テディベアとユニコーンの血塗られた闘争史
テディベアとユニコーンの闘いを(比喩ではなく)描いたスペイン・フランス合作アニメ『ユニコーン・ウォーズ』が、2024年5月25日(土)より劇場公開中。スペイン版アカデミー賞といわれるゴヤ賞で長編アニメーション賞を受賞した、新鋭アルベルト・バスケス監督の最新作だ。
物語の舞台は、とあるディストピア。魔法の森に住む〈テディベア〉と〈ユニコーン〉の間には、先祖代々に渡って戦いが繰り広げられていました。テディベアのアスリンは、双子の兄ゴルディとともに軍の新兵訓練所で屈辱的な特訓の日々を過ごしています。ある日、森から帰ってこない部隊の捜索を命じられたアスリンとゴルディたちは、その森で危険な生物や無残な姿となった隊員たちを目にすることに……。
テディベアの聖書にある「最後のユニコーンの血を飲む者は、美しく永遠の存在になる」という言葉を信じるアスリンたちは度重なる苦難に耐え、ユニコーンの生息する深い森へと進軍していきます。しかし、その地で巻き起こる悲惨で残酷な出来事の行く末には、とんでもない結末が待ち受けていました――。
「カワイイ!」が秒で「エグい!」に変わる衝撃展開
『ミッドナイト・ゴスペル』のようにドラッギーな紫の色彩をベースに、『バンビ』や『もののけ姫』を想起する世界観と、『レンとスティンピー』や『スポンジ・ボブ』、『ハッピーツリーフレンズ』的なグロみを盛り込んだ本作。メインキャラクターとなるテディベアは、ピンク色の兄ゴルディと青色の弟アスリンだ。

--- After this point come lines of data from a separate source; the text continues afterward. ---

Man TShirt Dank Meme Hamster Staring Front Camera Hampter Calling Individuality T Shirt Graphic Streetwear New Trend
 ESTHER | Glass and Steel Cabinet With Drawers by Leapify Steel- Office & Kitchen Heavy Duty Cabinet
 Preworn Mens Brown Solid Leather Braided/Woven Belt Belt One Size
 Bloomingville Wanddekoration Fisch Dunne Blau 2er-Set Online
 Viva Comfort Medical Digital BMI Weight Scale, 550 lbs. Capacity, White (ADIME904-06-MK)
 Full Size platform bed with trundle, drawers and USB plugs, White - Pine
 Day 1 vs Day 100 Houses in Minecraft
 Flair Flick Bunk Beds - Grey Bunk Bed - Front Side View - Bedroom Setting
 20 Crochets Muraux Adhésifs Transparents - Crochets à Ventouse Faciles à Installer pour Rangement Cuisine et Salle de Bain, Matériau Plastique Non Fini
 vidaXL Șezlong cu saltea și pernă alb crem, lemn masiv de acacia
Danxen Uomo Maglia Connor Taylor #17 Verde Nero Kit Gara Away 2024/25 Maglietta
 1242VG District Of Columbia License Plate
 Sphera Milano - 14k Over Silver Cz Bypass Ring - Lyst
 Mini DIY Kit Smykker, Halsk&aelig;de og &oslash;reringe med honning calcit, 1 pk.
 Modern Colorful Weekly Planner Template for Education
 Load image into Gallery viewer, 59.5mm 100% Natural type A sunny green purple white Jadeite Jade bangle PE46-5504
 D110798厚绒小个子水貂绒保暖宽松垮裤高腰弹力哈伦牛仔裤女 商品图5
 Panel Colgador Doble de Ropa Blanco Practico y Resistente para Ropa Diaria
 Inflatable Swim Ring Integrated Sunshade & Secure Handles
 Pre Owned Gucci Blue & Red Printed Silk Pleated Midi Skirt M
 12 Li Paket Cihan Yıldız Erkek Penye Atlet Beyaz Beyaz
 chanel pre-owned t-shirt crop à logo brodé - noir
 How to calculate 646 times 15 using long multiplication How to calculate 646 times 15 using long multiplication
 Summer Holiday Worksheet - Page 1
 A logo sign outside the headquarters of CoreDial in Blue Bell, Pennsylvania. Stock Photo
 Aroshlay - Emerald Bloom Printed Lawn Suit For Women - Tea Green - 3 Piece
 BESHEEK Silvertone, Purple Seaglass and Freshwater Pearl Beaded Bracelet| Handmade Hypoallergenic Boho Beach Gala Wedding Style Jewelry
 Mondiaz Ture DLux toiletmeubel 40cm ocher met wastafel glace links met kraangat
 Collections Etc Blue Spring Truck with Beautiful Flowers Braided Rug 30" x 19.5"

その2人(2匹?)を含め主要キャラクターは(ケアベアみたいな)色とりどりのクマで、「ちい◯わ」的な極端にデフォルメされたデザインながら主張強めの顔面パーツによる感情表現はエグい、もとい多彩。さらに、もれなく利己的なレインボークマたちのシズル感あふれる小競り合いや、なぜかデフォルメし忘れたチ◯コなどをがっつり見せつけられる。だが、そんな序盤の小ネタに苦笑していると、やがて物語は凄まじい方向に転がってゆき……。